Technology and Innovation
Target’s most commercially distinctive sustainability technology innovation is its renewable energy infrastructure programme. The Vista, California store is Target’s first net-zero energy certified store, generating more energy on-site than it consumes through rooftop solar and advanced building management systems. Target built the largest rooftop solar array in New York at its Wilton, New York distribution center, and executes long-term virtual power purchase agreements (VPPAs) for wind power, including the Castle Gap Wind project in Texas through Swift Current Energy. The Forward Renew programme, co-developed with Schneider Electric, is an industry-leading model for enabling retail suppliers to access renewable energy through collective procurement arrangements.
For operational efficiency, Target applies natural refrigerants across new and remodelled stores to eliminate high-global-warming-potential HFC refrigerants from its food retail operations, and completes LED lighting retrofits across the estate to reduce electricity intensity. Machine learning demand forecasting, deployed to improve food inventory management, has contributed to the 55% operational food waste reduction from the 2017 baseline achieved in FY2024.

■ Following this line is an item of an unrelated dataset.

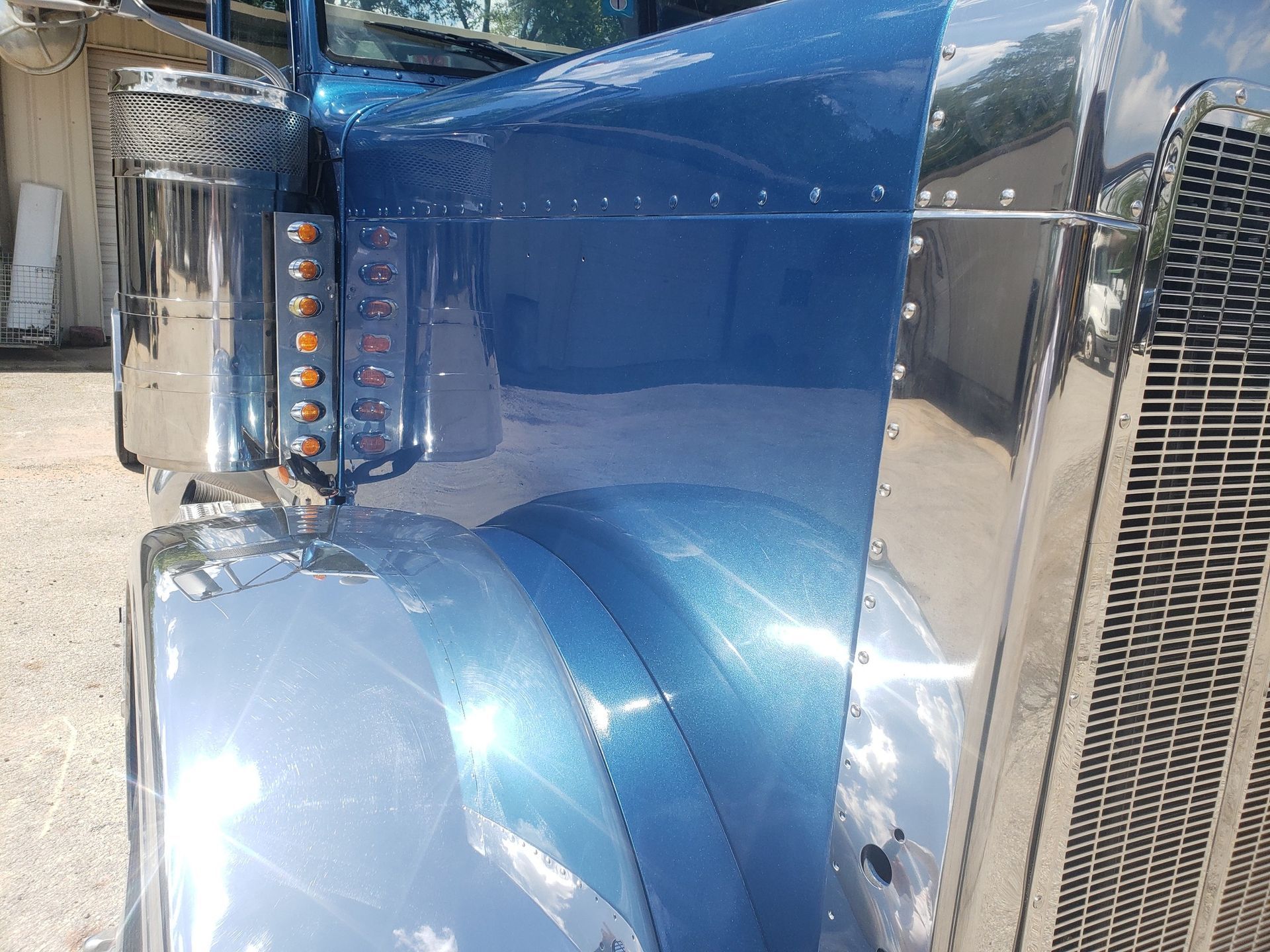 Blue semi-truck cab with chrome details and lights. Sunlight reflects off the shiny surfaces.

- Vista, California store: Zero Energy Certified; first Target store generating more energy than it consumes
- Wilton, New York distribution center: largest rooftop solar array in New York
- Castle Gap Wind project VPPA: long-term renewable electricity purchase agreement with Swift Current Energy, Texas
- Forward Renew programme: Schneider Electric co-developed platform enabling suppliers to access renewable energy collectively
- Natural refrigerants in stores: eliminates high-GWP HFC refrigerants from food retail operations
- ML demand forecasting: contributes to 55% operational food waste reduction vs 2017 baseline
Global Partnerships and Advocacy
Target is a member of the UN Global Compact, the UN Race to Zero campaign, and the New Plastics Economy Global Commitment, committing to advance recyclability and post-consumer resin standards across the consumer goods and retail sector. The Schneider Electric Forward Renew partnership is the most commercially significant external collaboration, enabling Target’s supplier base to access renewable electricity at scale through collective purchasing arrangements. Target advocates publicly for Extended Producer Responsibility legislation and for U.S. packaging recyclability infrastructure investment, citing infrastructure gaps as the primary reason for its 2025 recyclability target miss.
Source
https://corporate.target.com/getmedia/391e0902-54da-4a88-9325-4fa0098c2665/2025-Sustainability-and-Governance-Report.pdf
https://corporate.target.com/sustainability-governance/climate
https://corporate.target.com/sustainability-governance/strategy-target-forward
https://tracenable.com/company/target/ghg-emissions
https://corporate.target.com/sustainability-governance/circularity/waste-elimination-reduction
https://www.packagingdive.com/news/target-2025-sustainability-report-evolving-packaging-goals/802369/
Progress vs. Target Tracker
Source
https://corporate.target.com/sustainability-governance/climate
https://corporate.target.com/getmedia/391e0902-54da-4a88-9325-4fa0098c2665/2025-Sustainability-and-Governance-Report.pdf
https://tracenable.com/company/target/ghg-emissions
Key Sustainability Innovations and Technologies
Target’s Forward Renew programme is its most architecturally distinctive sustainability innovation, as it converts Target’s retail scale into a renewable energy procurement platform for the entire supplier ecosystem. Co-developed with Schneider Electric, Forward Renew enables suppliers that individually lack the purchasing power to access corporate renewable energy contracts to participate in renewable energy sourcing through Target’s aggregated demand pool. More than 125 business partners have joined the programme as of FY2024, making it one of the most commercially scaled supplier renewable energy programmes in U.S. retail.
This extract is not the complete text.